Return, with both end lines included, exactly what the data below holds from the line with "Southern Miss - NCAA" through the line with "STUDIO LIGHT - Essential", though not the pictures.

(RECORD EXTRACTS Opens)

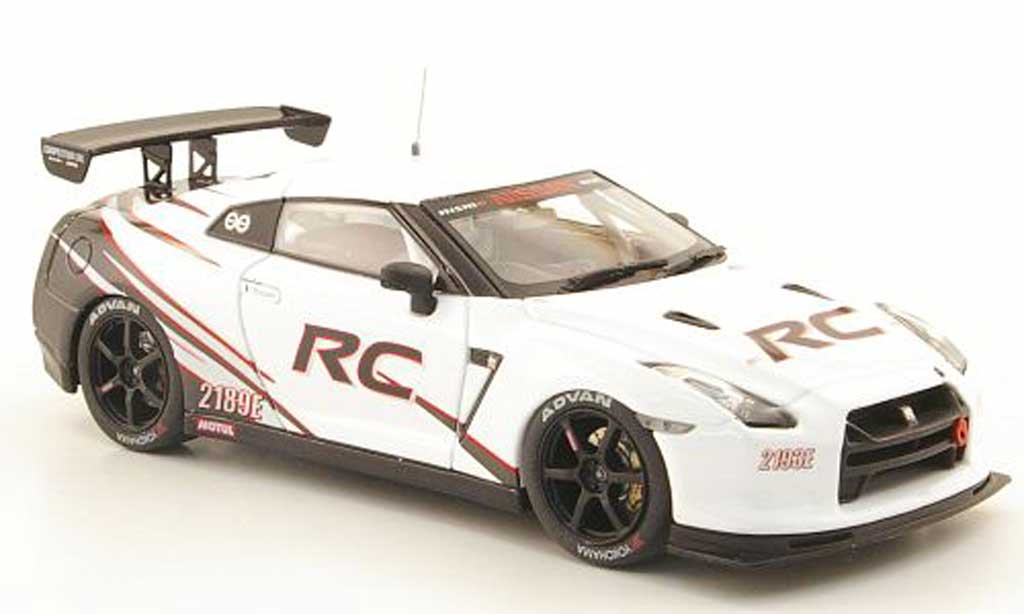 Nissan Skyline 1/43 Ebbro GT-R RC white/black diecast model cars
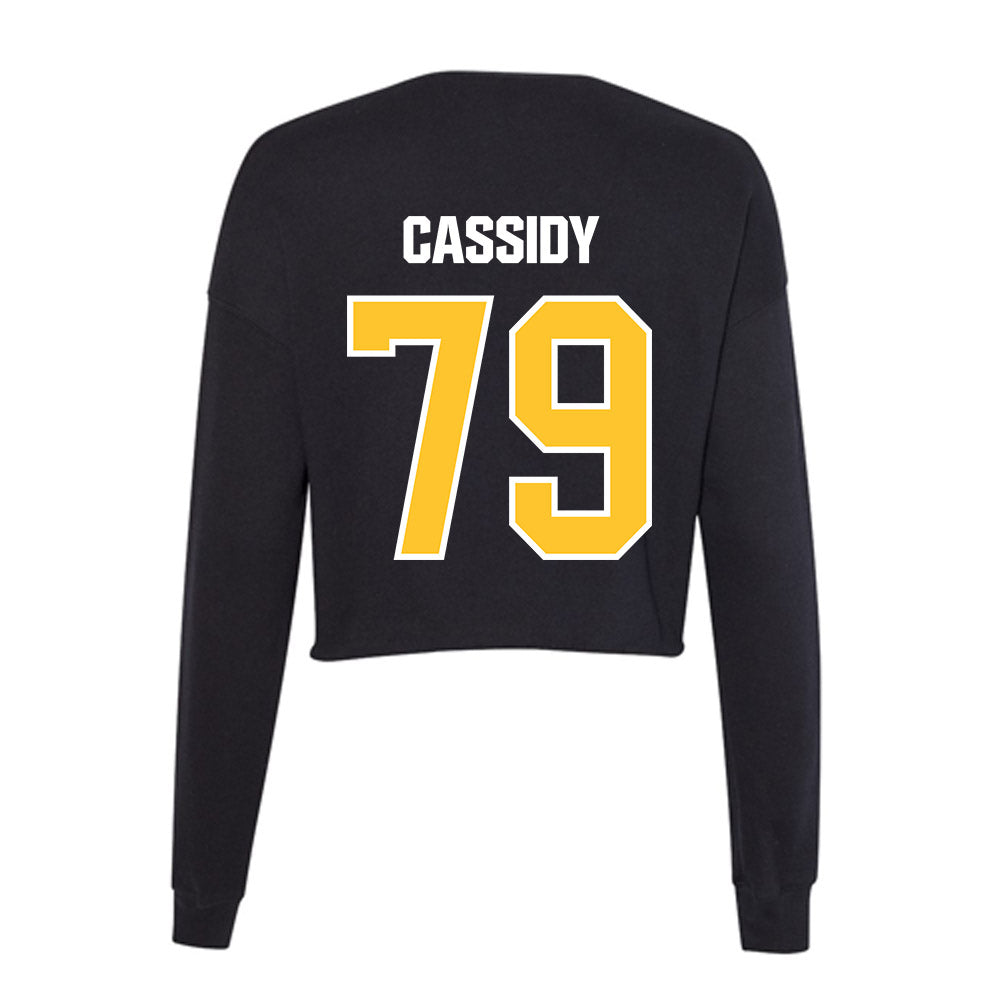 Southern Miss - NCAA Football : Liam Cassidy - Women's Cropped Crew Fleece-1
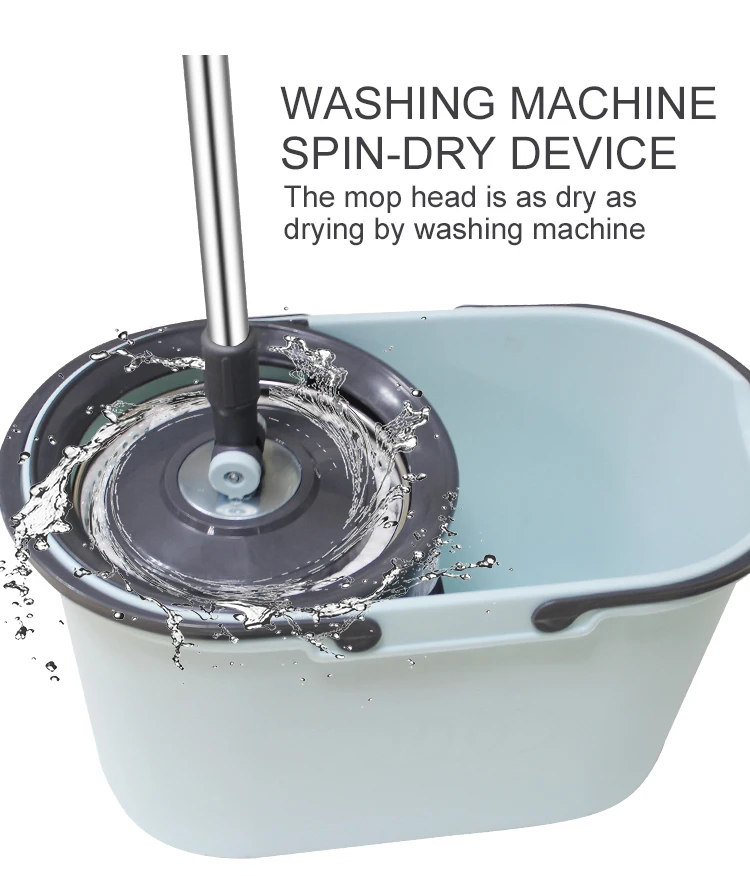 Upgraded Stainless Steel Deluxe 360 Spin Mops Bucket Buy Mop Bucket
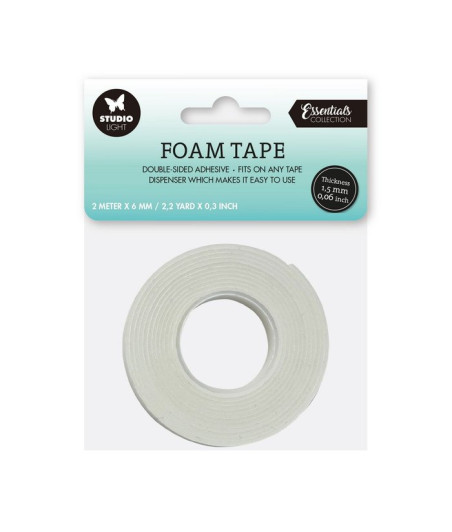 STUDIO LIGHT - Essential Tools Doublesided Foam Tape 1,5mm Thick - 0,6mm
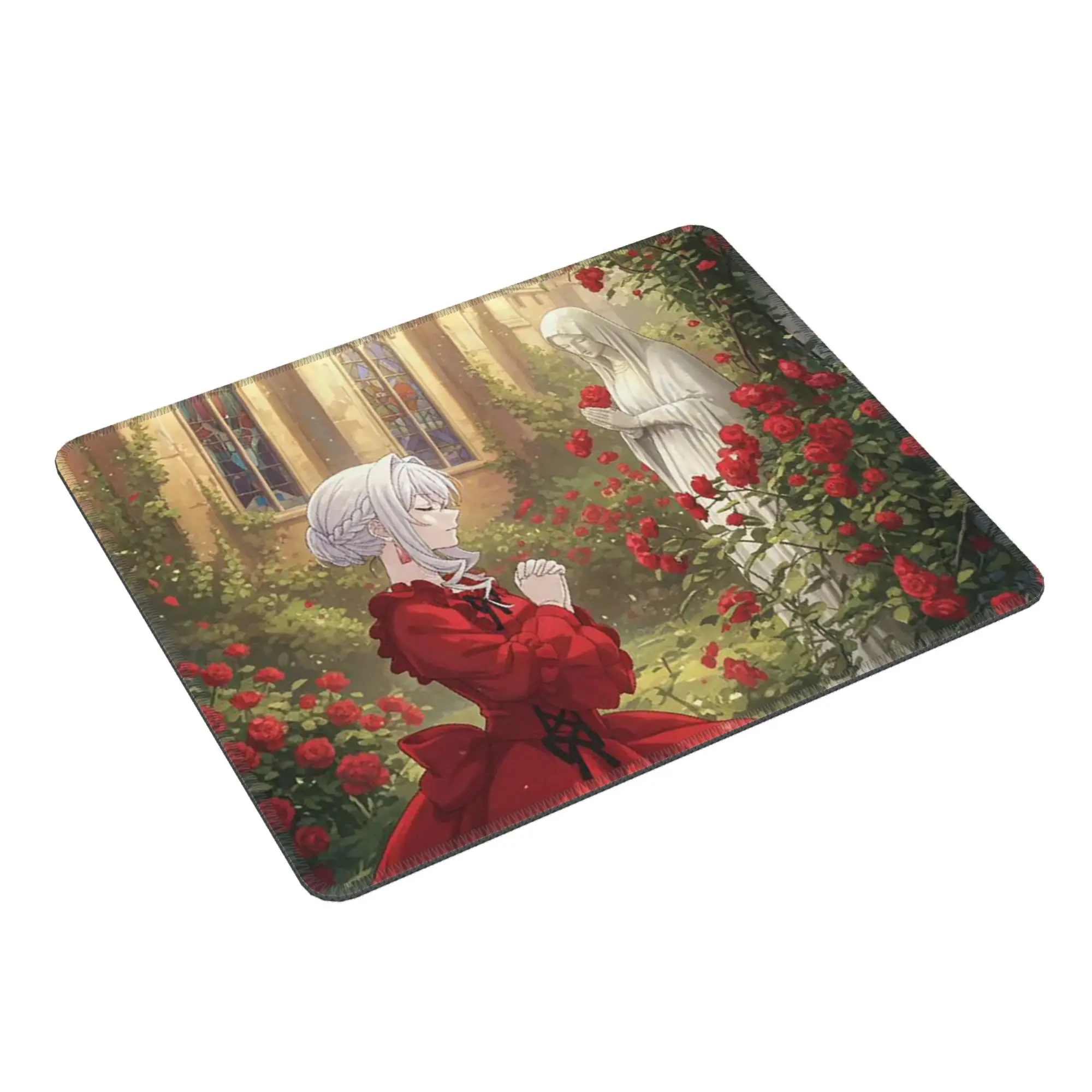 May I Ask for One Final Thing Anime Scarlet Mouse Pad Computer Keyboard Mouse Mat Gamer PC Laptop Desk Mat Office Table Mats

(RECORD EXTRACTS Closes)

- [TASK ANSWER]:
 Southern Miss - NCAA Football : Liam Cassidy - Women's Cropped Crew Fleece-1
 Upgraded Stainless Steel Deluxe 360 Spin Mops Bucket Buy Mop Bucket
 STUDIO LIGHT - Essential Tools Doublesided Foam Tape 1,5mm Thick - 0,6mm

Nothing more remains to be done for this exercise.